(Requirement) After locating the line that contains "Gata grávida: o", transcribe exactly that line and each one after it until the data ends, skipping pictures.

(Material provided)
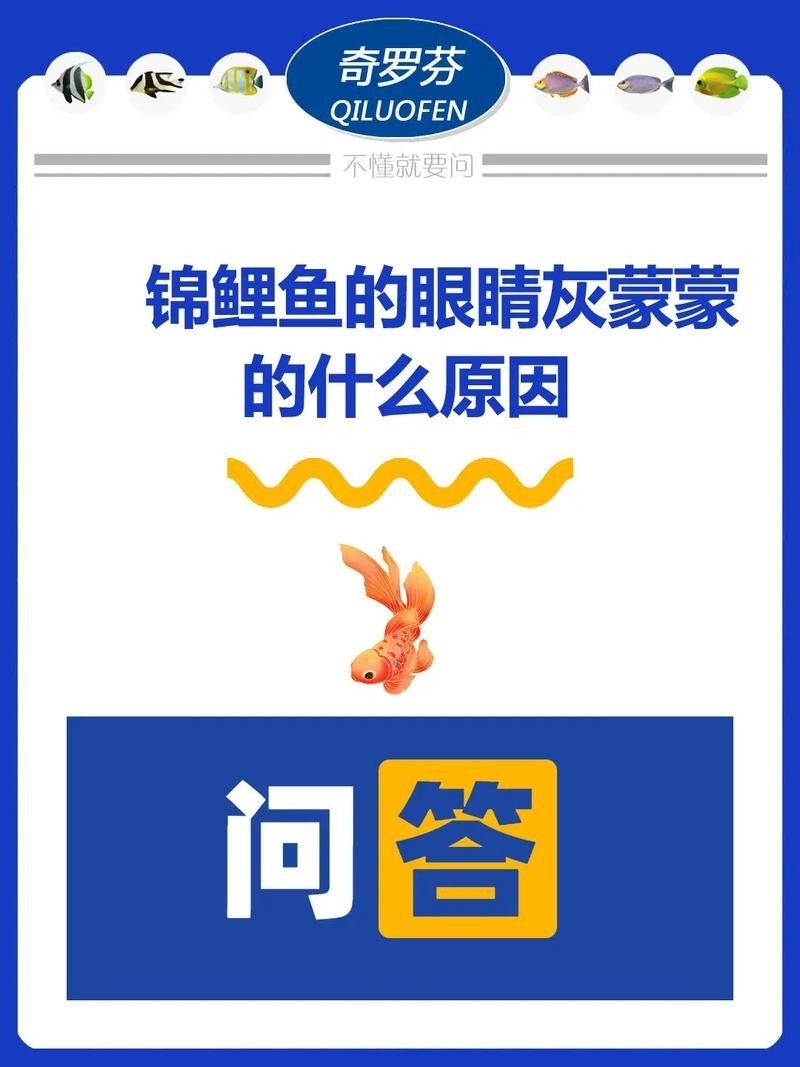 銀龍魚眼睛白了怎么回事兒圖片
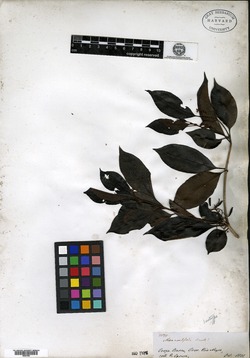 Neea ovalifolia image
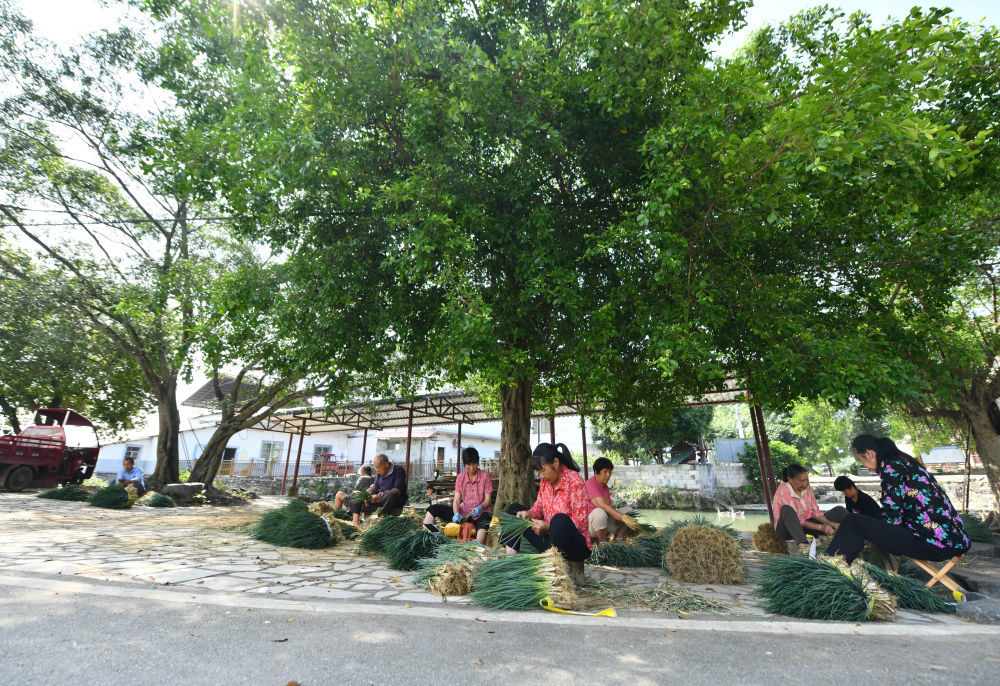 村民们在挑选香葱（5月23日摄）。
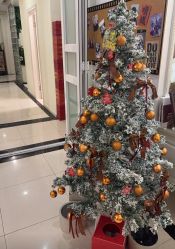 -香秀空间科技抗衰·美容中心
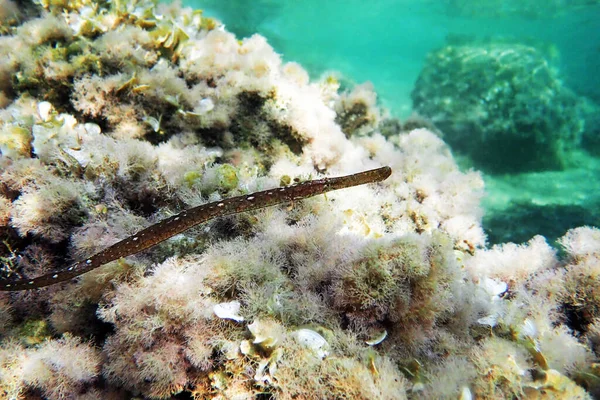 Unterwasserbild Mittelmeer Von Breitnasigen Seenadeln Syngnathus Typhle — Stockfoto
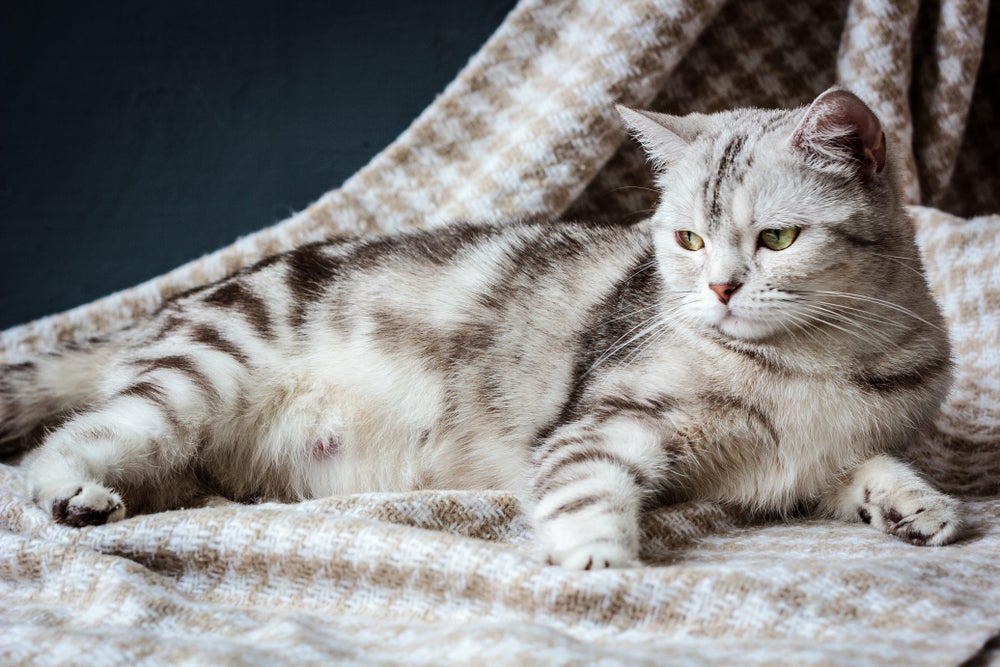 Gata grávida: o acompanhamento veterinário é essencial para que os filhotes nasçam saudáveis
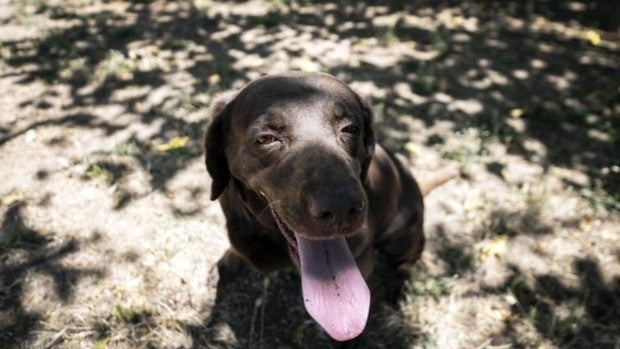 Los jueces podrán negar la custodia compartida de los hijos si uno de los cónyuges maltrata a los animales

(Response area)
 Gata grávida: o acompanhamento veterinário é essencial para que os filhotes nasçam saudáveis
 Los jueces podrán negar la custodia compartida de los hijos si uno de los cónyuges maltrata a los animales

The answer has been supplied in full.